*Exercise goal*.
Within the data that follows, tally every line containing "Women". Provide only the tally.

Short text fragments from websites
------------

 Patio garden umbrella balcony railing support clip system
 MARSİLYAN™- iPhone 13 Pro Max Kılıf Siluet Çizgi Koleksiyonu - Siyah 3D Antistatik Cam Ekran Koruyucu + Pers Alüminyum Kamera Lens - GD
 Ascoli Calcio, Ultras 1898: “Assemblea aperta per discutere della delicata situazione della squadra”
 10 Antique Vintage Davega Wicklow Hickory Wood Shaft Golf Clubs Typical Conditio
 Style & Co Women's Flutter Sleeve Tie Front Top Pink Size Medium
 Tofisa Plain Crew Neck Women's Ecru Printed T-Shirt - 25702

------------

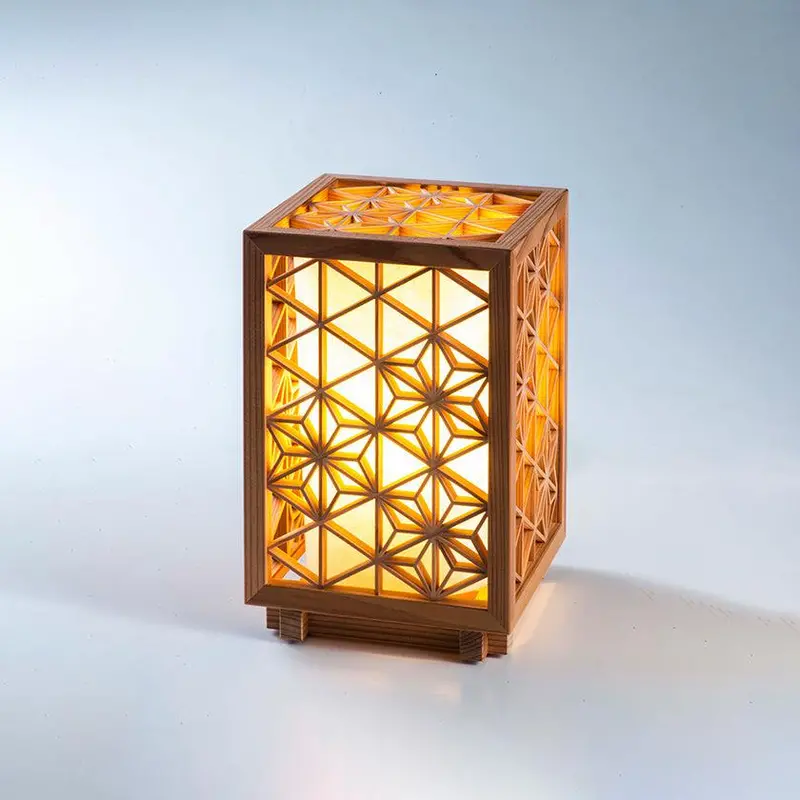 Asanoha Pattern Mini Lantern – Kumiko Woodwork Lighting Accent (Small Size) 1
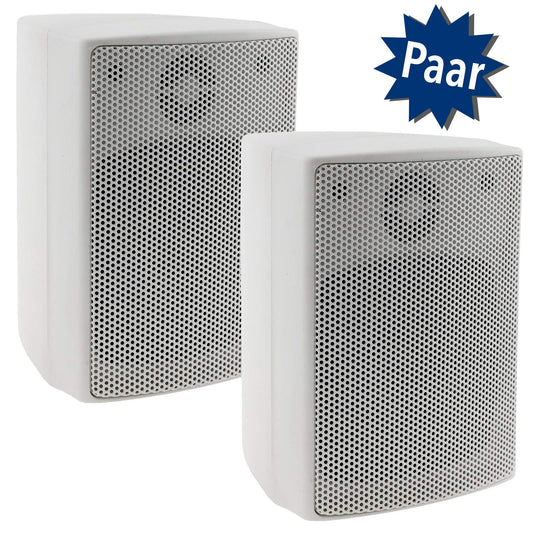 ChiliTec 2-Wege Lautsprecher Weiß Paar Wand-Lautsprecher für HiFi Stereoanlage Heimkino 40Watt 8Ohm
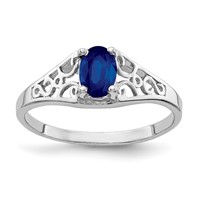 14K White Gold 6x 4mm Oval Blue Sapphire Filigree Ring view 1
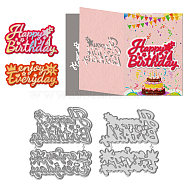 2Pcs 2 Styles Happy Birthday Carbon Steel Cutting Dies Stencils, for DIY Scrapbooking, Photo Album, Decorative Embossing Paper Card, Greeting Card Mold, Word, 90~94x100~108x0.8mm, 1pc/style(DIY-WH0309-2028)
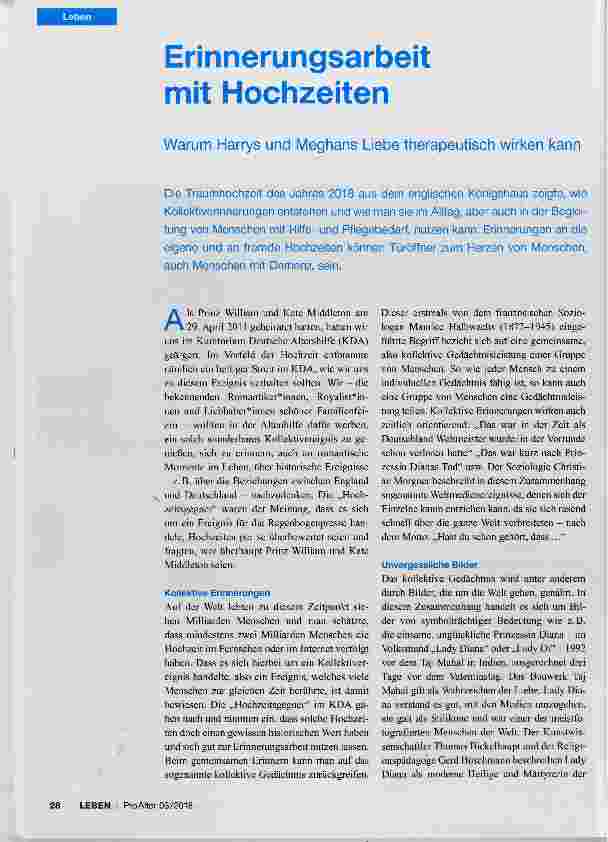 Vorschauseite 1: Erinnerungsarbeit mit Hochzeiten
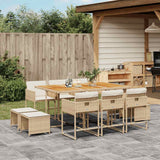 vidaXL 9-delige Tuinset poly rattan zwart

------------

*Your solution*.
2